Ça parle de quoi ?
Été 1900, au cœur d'une vallée du sud de la Suisse. Elisabeth, 17 ans, est sur le point de prononcer ses vœux après 5 ans passés au couvent. La mort soudaine de sa sœur l'oblige à retourner dans la ferme familiale pour assumer son nouveau rôle d'aînée. Elisabeth se retrouve vite asphyxiée par cette vie de labeur et obsédée par les mystères qui entourent la disparition de sa sœur. Elle va alors chercher à s'affranchir de son statut et de ses nouveaux engagements.
Un regard de cinéaste à suivre
Lauréate du prix Women in Motion, Talent émergent, au Festival de Cannes 2023, Carmen Jaquier a su marquer les esprits des cinéphiles dès 2014 avec son premier court métrage, Le Tombeau des filles, primé à Locarno. Explorant la notion de la découverte de la féminité, cette première œuvre a posé la pierre angulaire du cinéma de la Suissesse qui a ensuite continué à sonder les questionnements d'émancipation des femmes dans quatre autres courts métrages.
Cette année, la réalisatrice signe son tout premier long métrage qui impose un peu plus le regard et le style d’une cinéaste dans le paysage du 7e Art. S’affranchissant des descriptions masculines dans la construction de l’identité féminine, Carmen Jaquier transpose ici sa thématique dans l’univers de la foi et de la religion. Pour ce faire, elle emprunte autant à La Leçon de piano (Jane Campion) qu’à The Tree of Life (Terrence Malick) ou aux Sorcières d’Akelarre (Pablo Agüero), en passant par des références françaises telles que Portrait de la jeune fille en feu (Céline Sciamma) ou encore Sybil (Justine Triet).
Récompensé dans plusieurs festivals (prix du cinéma suisse, prix de la critique à Zurich, prix de la mise en scène à Marrakech), et présélectionné pour représenter la Suisse aux Oscars 2024, Foudre se dévoile comme une odyssée subversive et sensorielle où l'éveil des sens se confronte à une société corsetée. Éclairé par la photographie de Marine Atlan (Le Ravissement) et l'interprétation habitée de Lilith Grasmug (Oranges sanguines) dans le rôle-titre d’Élisabeth, ce drame se déroulant en 1900 trouve ses racines dans un fait divers.
La femmes et la foi
“Plusieurs moments fondateurs et révélateurs ont marqué ma réflexion et l’écriture du film. Deux adolescents qui s’étaient immolés par le feu dans une banlieue de Berlin, un fait divers décrit en trois lignes dans un journal, raconte-t-elle. Cette tragédie m’a rappelé combien je me sentais concernée par cette période appelée adolescence et par les émotions qui la traversent ; injustices, rejets, désirs, rage…”

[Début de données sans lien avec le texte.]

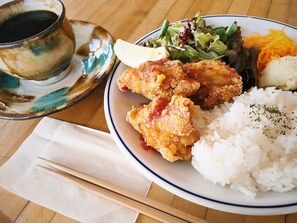 Food and drink - Y Pub&hostel (Tottori)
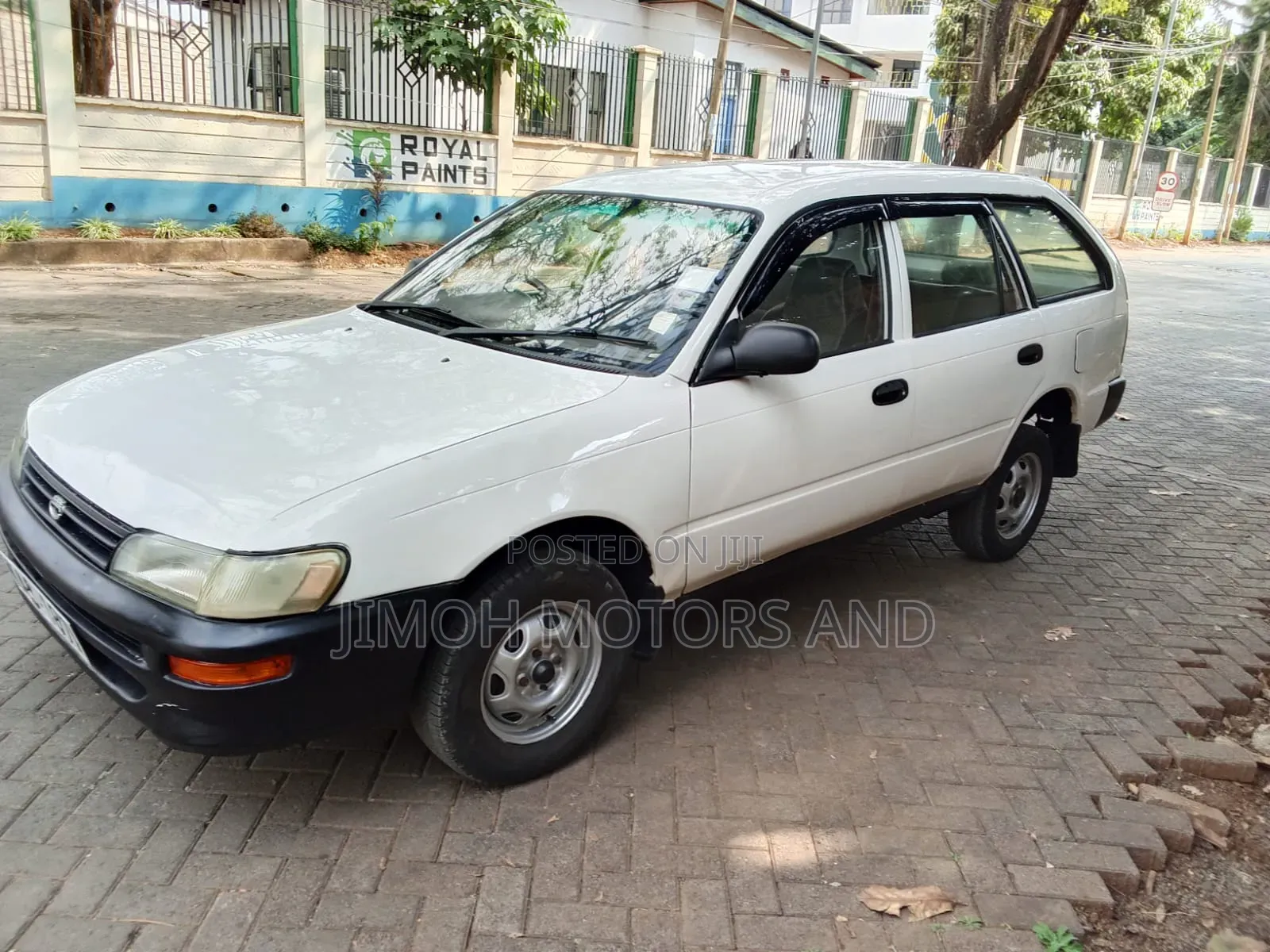 Toyota Corolla 1998 White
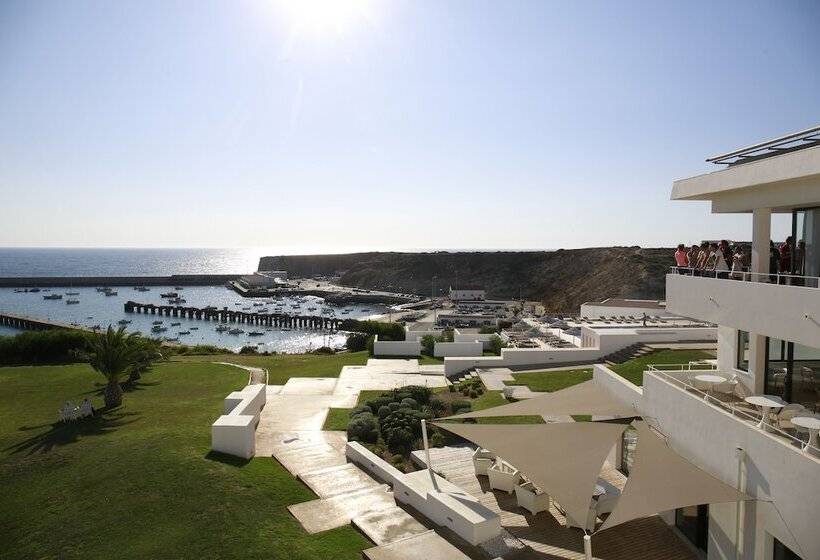 Memmo Baleeira   Design Hotels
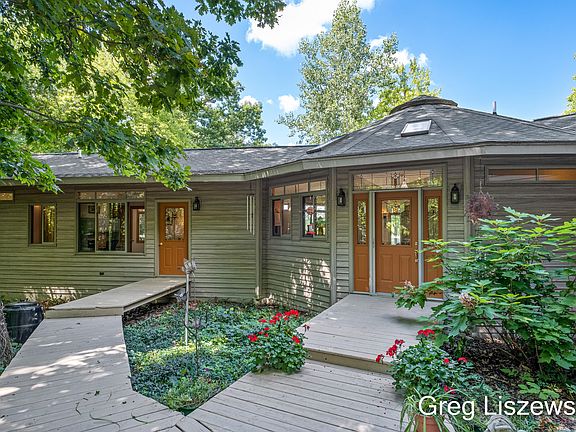4th image of 11479 Bowers Dr NE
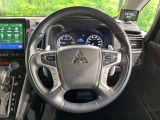 【純正革巻きステアリング】上質な革を使用することで、手にしっかり馴染みとても運転しやすいハンドルです♪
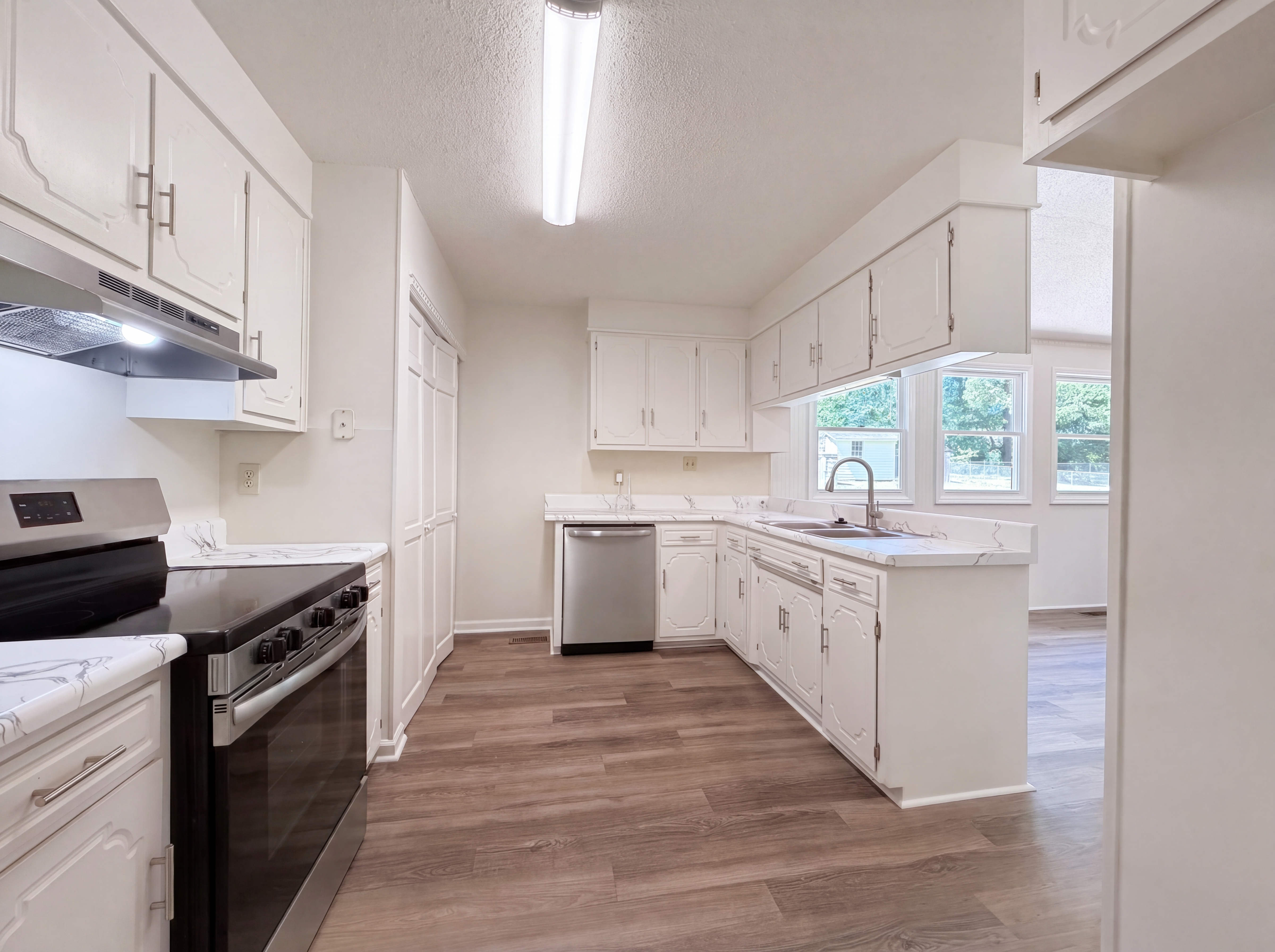 Photo 2 of 18 of 4395 Meadow Ln, Lincolnton, NC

Si elle a choisi de transposer son récit dans le milieu de la religion catholique, c’est pour mieux souligner les sentiments et émotions ressentis par les femmes au cours de leur vie, qui plus est durant leur adolescence.
“Il était important pour moi de partir de la religion catholique, qui a beaucoup à voir avec les sentiments de honte et d’infériorité que peuvent ressentir les femmes, et de la confronter à une réflexion plus large, une quête pour une sexualité douce, amicale et bienveillante. Un retour à soi, au corps que nous sommes et à la transcendance. Dieu, libéré de la pratique catholique, devient un territoire infini de réflexion.”
Foudre, véritable expérience de cinéma, est à voir sur grand écran dès le 22 mai 2024.